The Imperial Wife
Page 29
“Let’s just discuss this on Monday. Make an appointment with Karen. But smile, will you? It’s a promotion. Don’t pretend it’s not what you wanted.” Regan slides past with catalogues and Marjorie follows to flag her down.
Tiny sparks of light invade the edges of my vision. I can barely linger on the prospect of living in Moscow, much less visiting the compounds of Azerbaijan billionaires. Medovsky, Medovsky. Sasha. I picture his purple body, strangled, in the bathtub, a rope he never used dangling over the porcelain rim. I picture Lena sobbing, doubled over.
The faces of the guests glow grotesque in the greenish-silver light of the slanting windows. All those white teeth, the manes, the veneer of powder.
“Do you like the teapot?” It’s Frances, face shining, hair slicked back behind her ears. Without her ubiquitous sunglasses, her face looks exposed, kinder. This time her Chanel suit is paired with a somber navy top.
I look down at the object in my hands. “I was wondering what that was.”
“Darling, it is a very good reproduction of a Paul Revere teapot crafted in 1762. Well, don’t look so stunned. I remember you admiring the silverware when you first came with Carl all those years ago. This is a little tribute, or just call it a promise. You know, one day the Paul Revere will be yours. And your children’s.”
I raise up the teapot again, the inscribed TV—Tanya Vandermotter. The two words together don’t make sense at first. The light sharpens into full focus and I feel something melting, then expanding in my rib cage.
I embrace the woman, a long grateful squeeze. “Thank you, Cece. You can’t imagine how much this means.”
“And don’t your people like tea? Think of it as a samovar.”
“Yes. ‘My people’ drink tea. You’re so thoughtful.”
“Nothing to keep thanking us for, dear. You are a Vandermotter. It’s as simple as that.”
“I’m a Vandermotter,” I repeat.
Miggy appears to pull Cece away. “Can I grab this lady? We’ve got another possible donor out here.” They’re swallowed into the milling crowd. I make my way to the bar for a drink. The air is fragrant with a frenetic kind of gulping, scent and manicures and the steady din of networking. Through the lattice of my thoughts, I’m aware of being smiled at, approved. By the rim of the motionless pool, Alla is gesturing meaningfully at her empty glass.
“Please jump ahead,” someone says, ceding his place in line. “You’re the star of the night.”
I encounter the bottles of vodka, the pitchers of juices, the curling tails of lemon peel.
The bartender waits for my order, then prods, “Can I offer you a beverage? One of our herb-infused vodkas?”

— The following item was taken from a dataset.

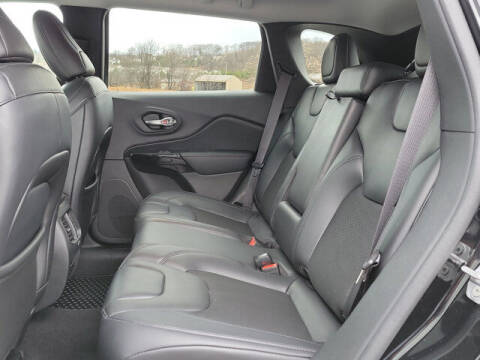 2020 Jeep Cherokee Altitude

“Okay,” I say. A burning engulfs me, a grasp of an idea that has eluded me until now. Now the immensity of it is distilling into a kind of clarity. Medovsky’s wife was right after all. I’m no different from my clients, no different than Marina and the other mistresses. I ate their caviar, drank their expensive wines, dined on their yachts, and yet I thought myself different from them. If Carl didn’t know me, wasn’t that my fault? Hadn’t I transformed myself long past recognition? I was Tatiana Kagan once, letters written in a careful first-grader’s Cyrillic.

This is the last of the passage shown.